Domingo, o eunuco núbio que vos guardava, possui um grande talento para o desenho. Fez alguns esquiços vossos, muito parecidos para terem sido feitos de memória, que os pregoeiros mostraram em todos os bairros. E como é oferecida uma soma de cem ducados a quem vos entregar...
Desta vez, Fiora empalideceu. Mediu, nesse instante, o poder do ódio de Hieronyma, visto que aquela mulher miserável soubera transmiti-lo ao Papa. Era ao mesmo tempo absurdo e aterrorizador, insensato. Que génio mal-intencionado presidira ao seu nascimento para que se visse assim, continuamente, alvo da hostilidade dos poderosos deste mundo? Tivera de fazer face à sua querida cidade de Florença sublevada contra ela, depois ao Temerário, o mais terrível príncipe que reinara na Europa e agora, ao Papa! Amara um homem e esse homem fora-lhe levado pela morte. O sangue incestuoso das suas veias era assim tão maldito? Os acontecimentos, que não cessavam de se virar contra ela eram, talvez, a prova.
Para lutar contra a angústia que lhe subia à garganta, ela apertou, com as duas mãos, os braços da poltrona. O espelho deslizou-lhe dos joelhos e quebrou-se. Seguiu-se um silêncio. O cardeal e a jovem olharam para os cacos espalhados pelo chão e depois, bruscamente, Fiora levantou-se:
Monsenhor disse ela fazeis mal em esconder-me e pondes em perigo a vossa casa. Mandai que me acompanhem ao Vaticano. Vou-me entregar.
Instantaneamente, ele pôs-se de pé e um relâmpago brilhou-lhe nos olhos negros. As suas duas mãos pousaram-se nos ombros da jovem.

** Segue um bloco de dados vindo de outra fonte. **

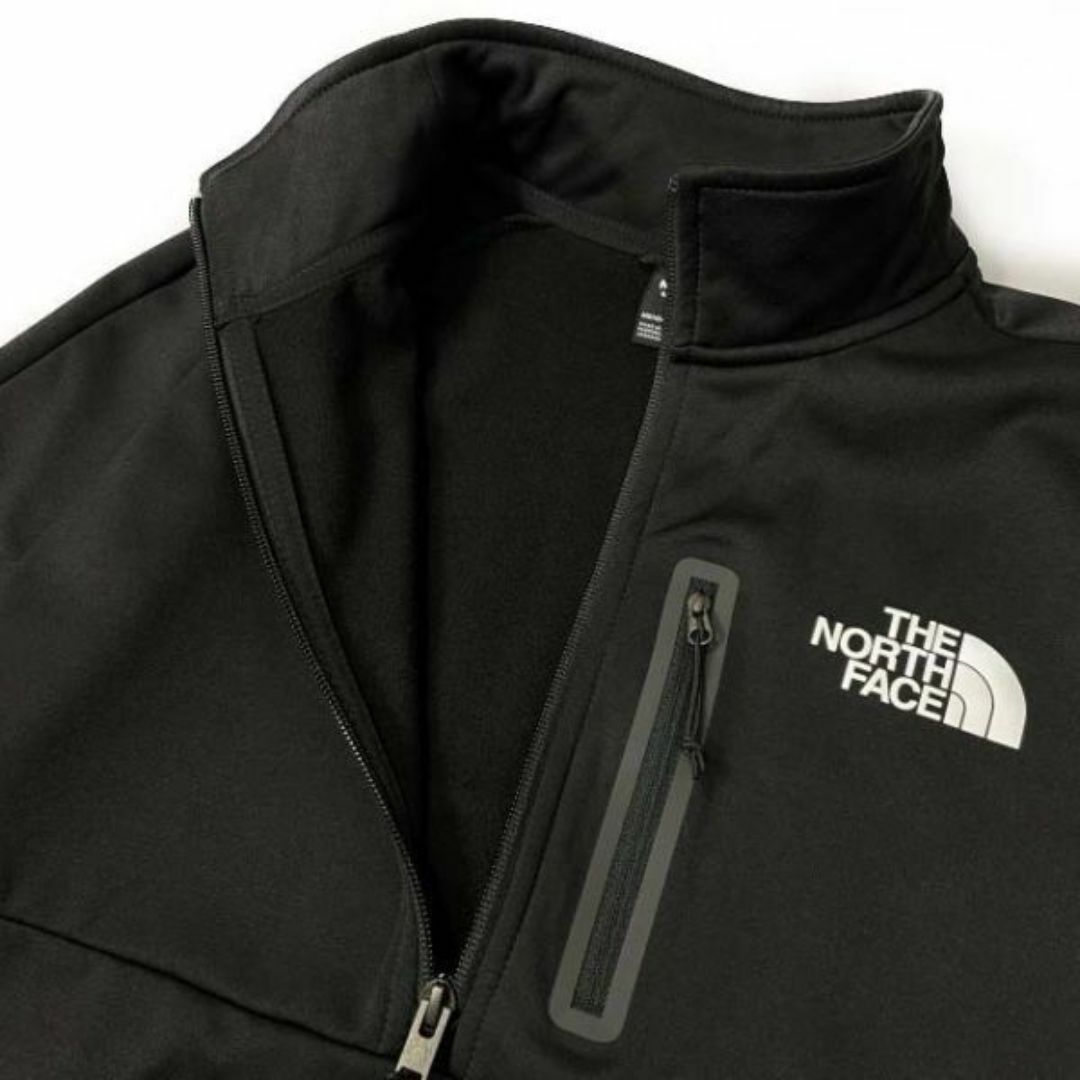 THE NORTH FACE(ザノースフェイス)のノースフェイス トラックジャケット US限定 速乾(L)黒 180915 メンズのジャケット/アウター(その他)の商品写真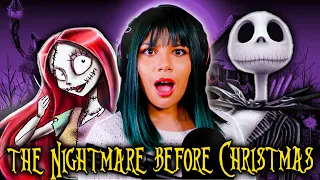 ACTRESS REACTS to THE NIGHTMARE BEFORE CHRISTMAS (1993) *FIRST TIME WATCHING* movie reaction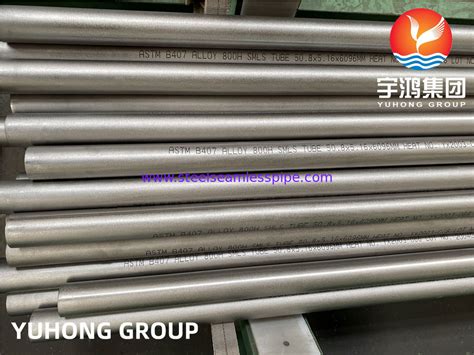 Astm B H Uns N Din Nickel Alloy Seamless Tube Abs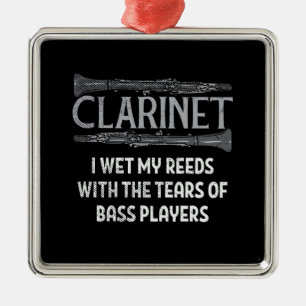 Ornamento De Metal Clarinet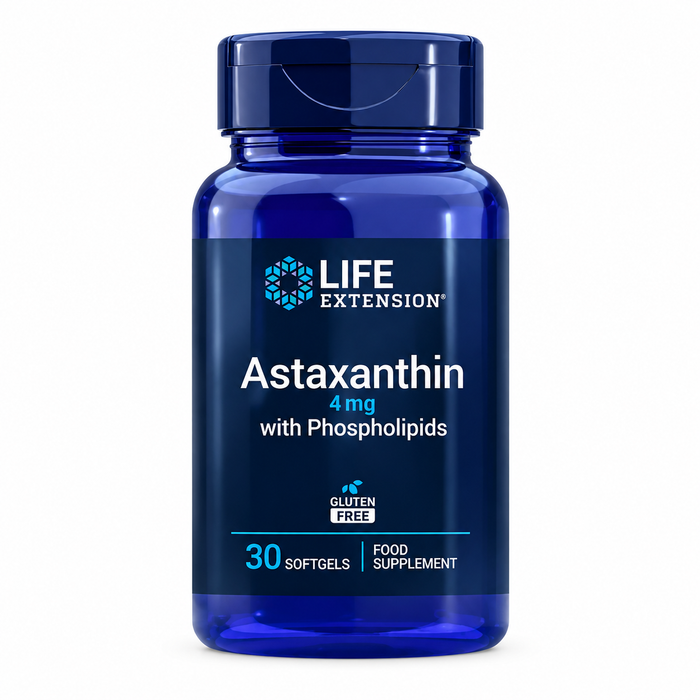 Life Extension Astaxanthin with Phospholipids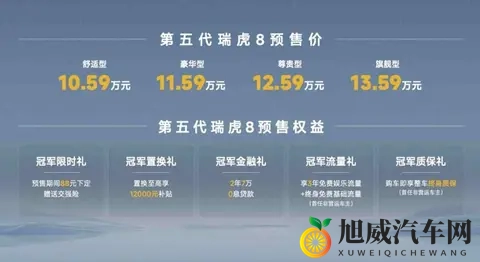 瑞虎8换新脸，用户选车像挑手机，家庭用车开始讲“人设”-1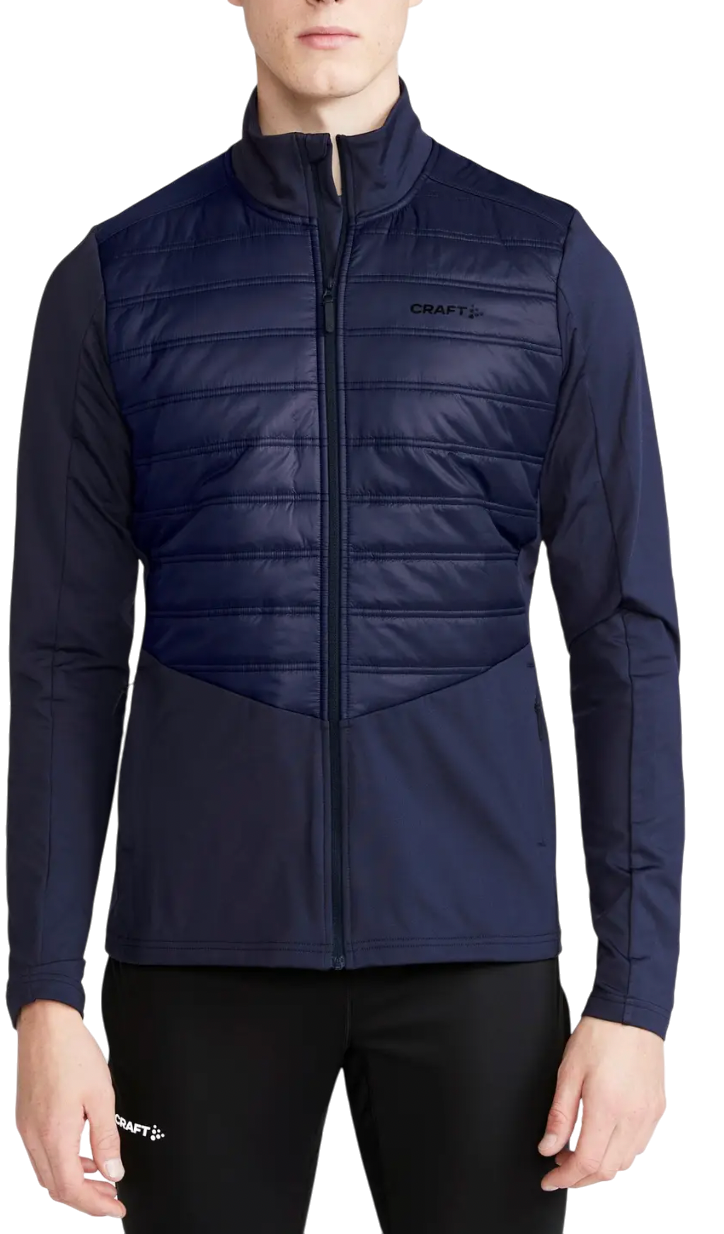 Puffer jakke Craft ADV Essence Warm Jacket Mørkeblå | 1913743-396000, 0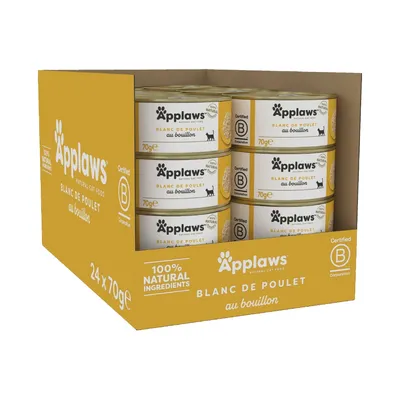 Applaws 24 x 70 g Applaws 24 x 70 g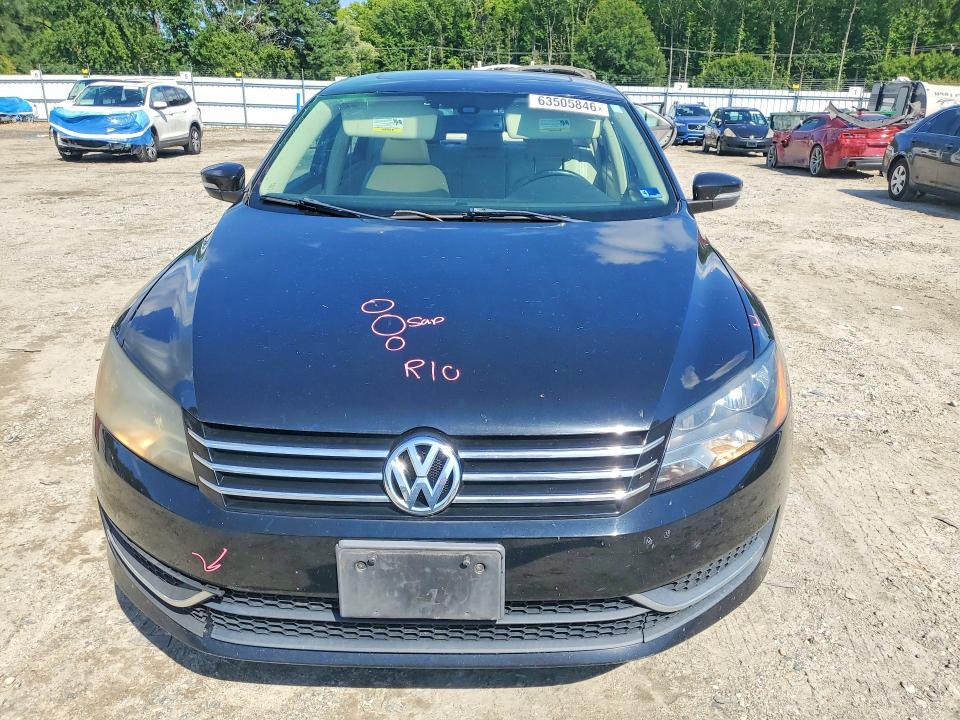 63505846 :رقم المزاد ، 1VWBP7A33DC123430 vin ، 2013 Volkswagen Passat مزاد بيع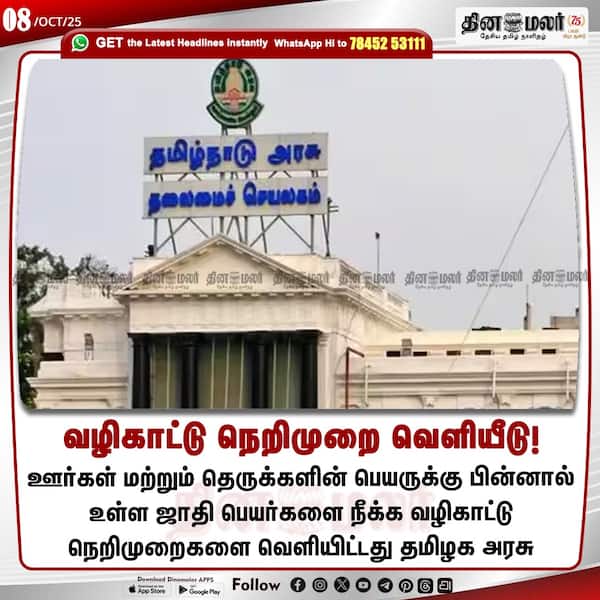 வழிகாட்டு நெறிமுறை வெளியீடு!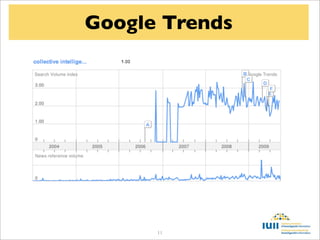 Google Trends




      11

Sois louca! Eu não vos disse isto para vos reduzir ao desespero, mas para que compreendais o interesse que tendes em ser prudente.
Eu sei... mas já não tenho vontade de ser prudente. Quero morrer, é tudo! A única coisa que vos peço é que entregueis ao cardeal d’Estouteville a carta que vou escrever. É preciso que o Rei Luís tome conta do meu filho e dos que me são queridos.